Since the records include pictures, leave those out while you reproduce exactly and only the lines from the one containing "Een kamer met" through the one containing "a flat screen", inclusive.

Source information
-- Opening Marker --
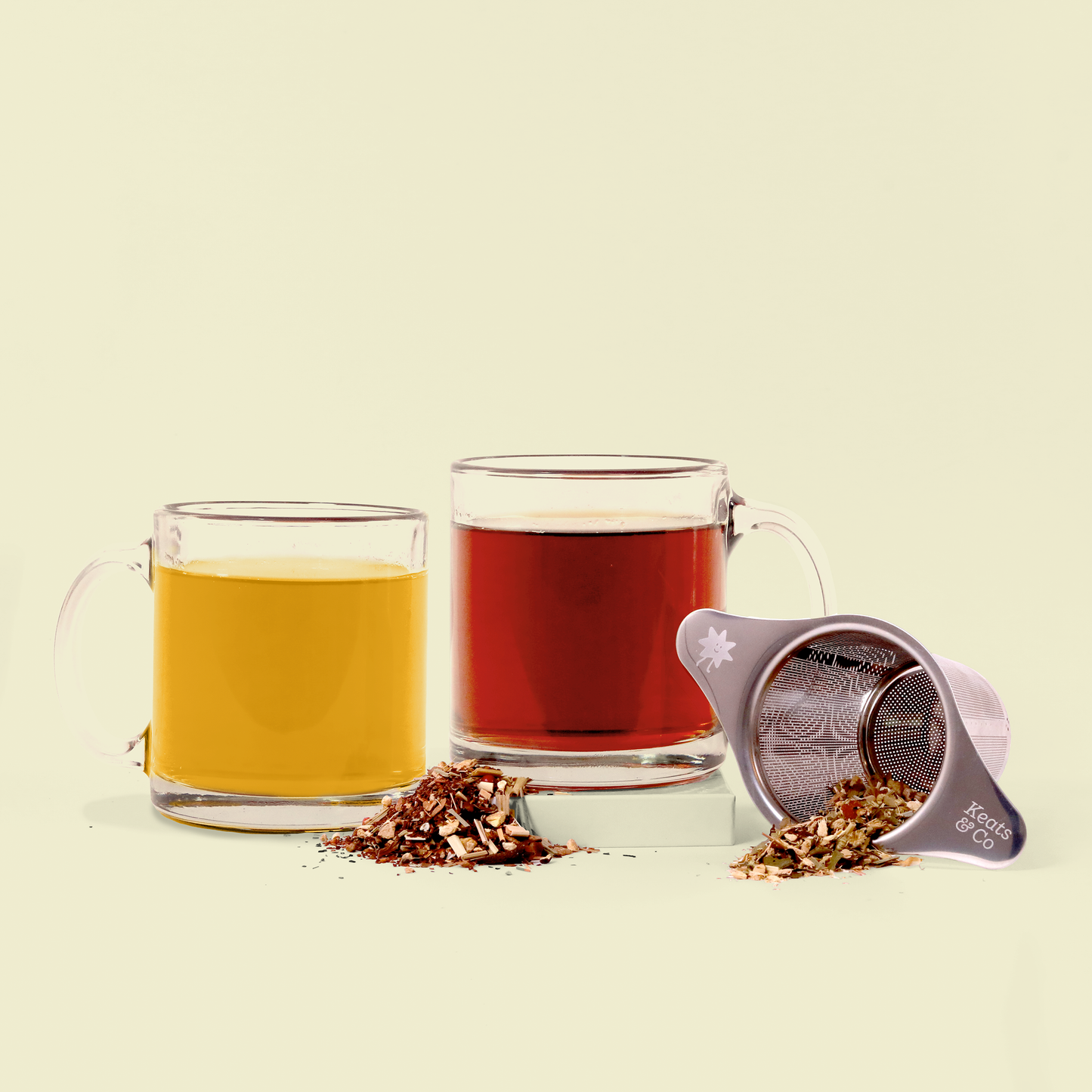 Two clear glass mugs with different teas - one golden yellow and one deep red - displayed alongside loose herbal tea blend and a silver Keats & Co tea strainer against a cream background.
-- Closing Marker --
-- Opening Marker --
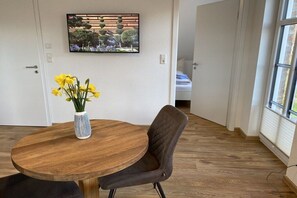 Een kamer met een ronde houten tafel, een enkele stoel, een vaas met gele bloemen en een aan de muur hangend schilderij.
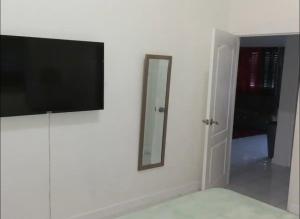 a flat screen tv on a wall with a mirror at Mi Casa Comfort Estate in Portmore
-- Closing Marker --
Written response
 Een kamer met een ronde houten tafel, een enkele stoel, een vaas met gele bloemen en een aan de muur hangend schilderij.
 a flat screen tv on a wall with a mirror at Mi Casa Comfort Estate in Portmore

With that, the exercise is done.